We have a JMSL in our enviorment and have to make decision on whether to implement our own or use yours. ( The second is our preferred option).

Thanks

Lazar Arulnayagam

ed
05-11-2006, 01:13 PM

Please have a look at this code and see if it returns the expected results. My disclaimer is that I'm an engineer and not a statistician, so I can't really verify the algorithm or the results.

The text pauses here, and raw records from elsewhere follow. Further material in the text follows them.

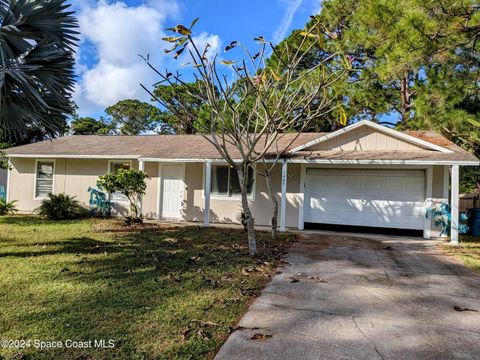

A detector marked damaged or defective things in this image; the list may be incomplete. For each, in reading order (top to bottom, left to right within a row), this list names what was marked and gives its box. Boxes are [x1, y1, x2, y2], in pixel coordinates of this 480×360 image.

driveway crack [352, 316, 386, 360]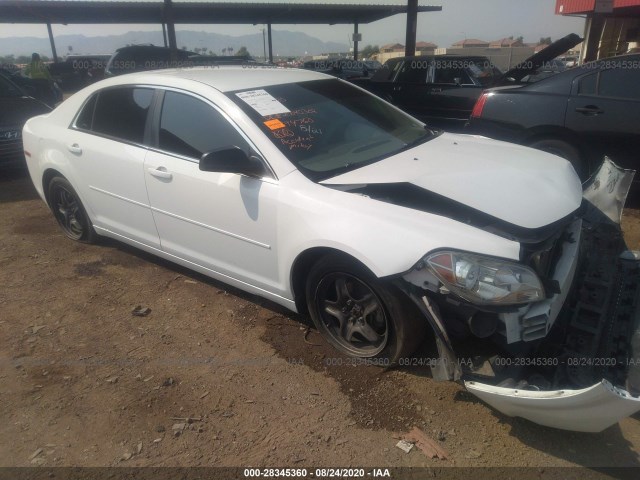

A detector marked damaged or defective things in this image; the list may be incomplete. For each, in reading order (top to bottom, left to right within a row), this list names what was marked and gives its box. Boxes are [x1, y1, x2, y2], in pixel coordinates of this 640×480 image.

wrecked sedan [22, 66, 636, 432]
cracked headlight [424, 249, 544, 306]
damaged front bumper [462, 159, 640, 434]
detached bumper piece [464, 159, 640, 434]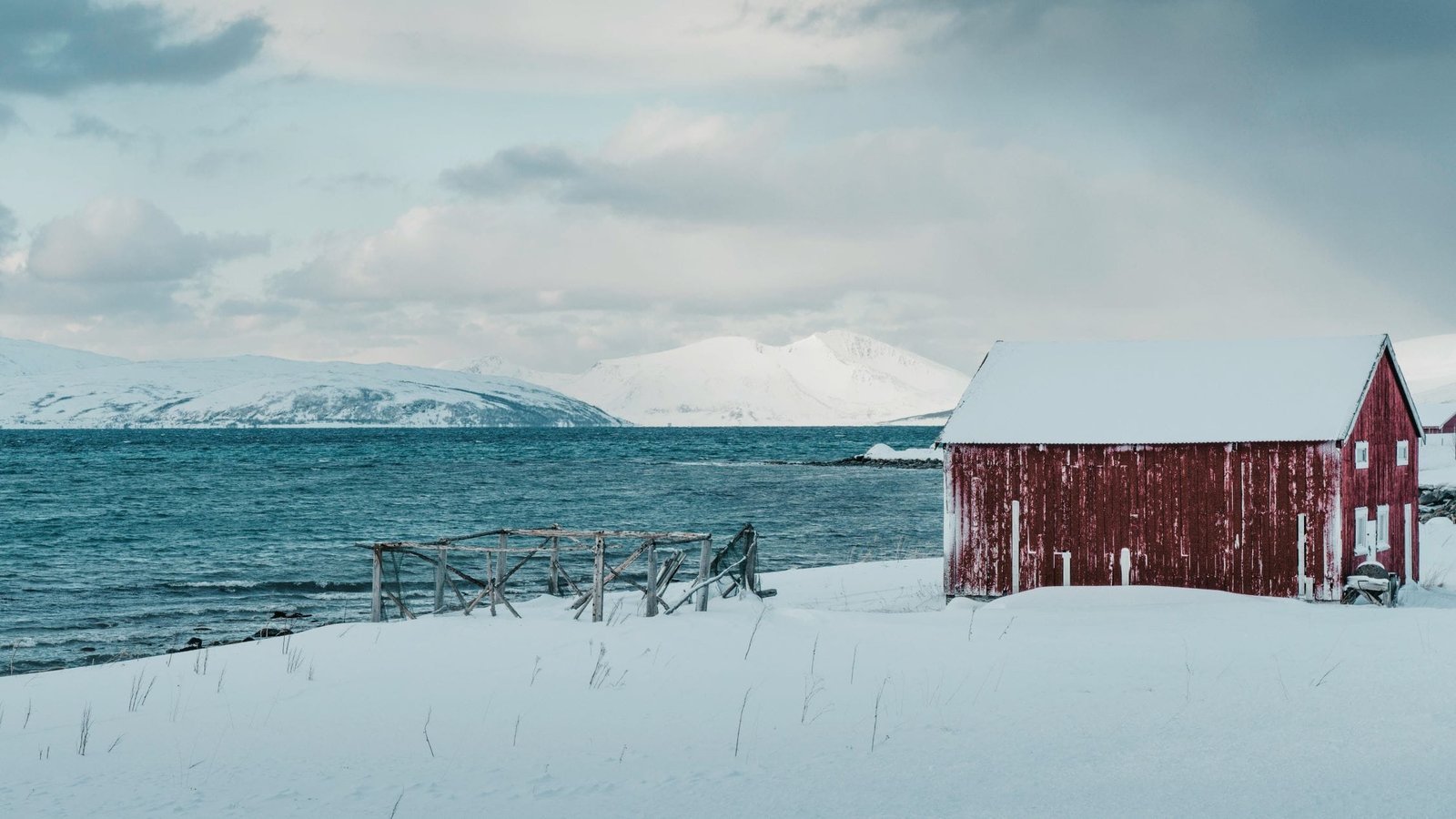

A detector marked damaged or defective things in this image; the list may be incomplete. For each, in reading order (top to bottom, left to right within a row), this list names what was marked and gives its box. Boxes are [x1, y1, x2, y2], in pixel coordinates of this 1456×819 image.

broken wooden frame [362, 521, 763, 618]
peeling red paint [943, 347, 1421, 597]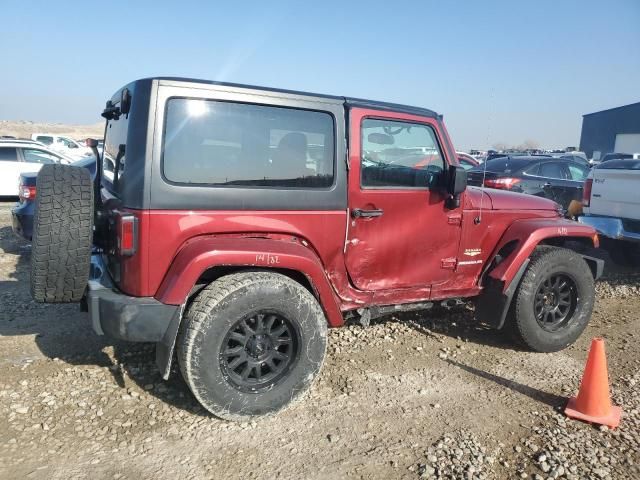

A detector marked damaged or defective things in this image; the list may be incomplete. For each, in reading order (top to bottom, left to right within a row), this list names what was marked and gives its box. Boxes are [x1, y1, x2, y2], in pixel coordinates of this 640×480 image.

It could also use some better error checking.

FDR class:

/**
* FDR class converted from FDR.m v1.3 by Tim Nichols 02/01/18
*/
public class FDR {
double t, n;

/**
* Create a new FDR object.
*
* @param p a double array, the vector of p-values
* @param q a double, the False Discovery Rate level
*/
public FDR(double[] p, double q) {
com.imsl.stat.Sort.ascending(p);
int v = p.length;
double cvn = 0;
for (int i=0; i<v; i++) {
cvn += 1.0/(i+1);
}
double cvid = 1;

double[] test1 = new double[v];
double[] test2 = new double[v];
for (int i=0; i<v; i++) {
test1[i] = (i+1)/(double)v*q/cvid;
test2[i] = (i+1)/(double)v*q/cvn;
}

int ixt = findlemax(p, test1);
if (ixt != -1) t = p[ixt];
int ixn = findlemax(p, test2);
if (ixn != -1) n = p[ixn];
}

/**
* @return p-value threshold based on independence or positive dependence
*/
public double getThreshold() {
return t;
}

/**
* @return Nonparametric p-value threshold
*/
public double getNThreshold() {
return n;
}

int findlemax(double[] a, double[] b) {
final int len = a.length;
int ix = -1;
for (int i=0; i<len; i++) {
if (a[i] <= b[i]) ix=i;
}
return ix;
}
}

A test class:

public class TestFDR {

public TestFDR() {
double[] p = {0.01,0.1,0.015,0.02,0.025,0.08,0.075};
double q = 0.2;

FDR f = new FDR(p, q);
double pid = f.getThreshold();
double pn = f.getNThreshold();

System.out.println(pid);
System.out.println(pn);
}

public static void main(String[] arg) {
TestFDR t = new TestFDR();
}
}

diraviam
05-11-2006, 02:54 PM

I am a software engineer and not a statistician as well. I will check with the statistician and scientific lead to check if method will work for them.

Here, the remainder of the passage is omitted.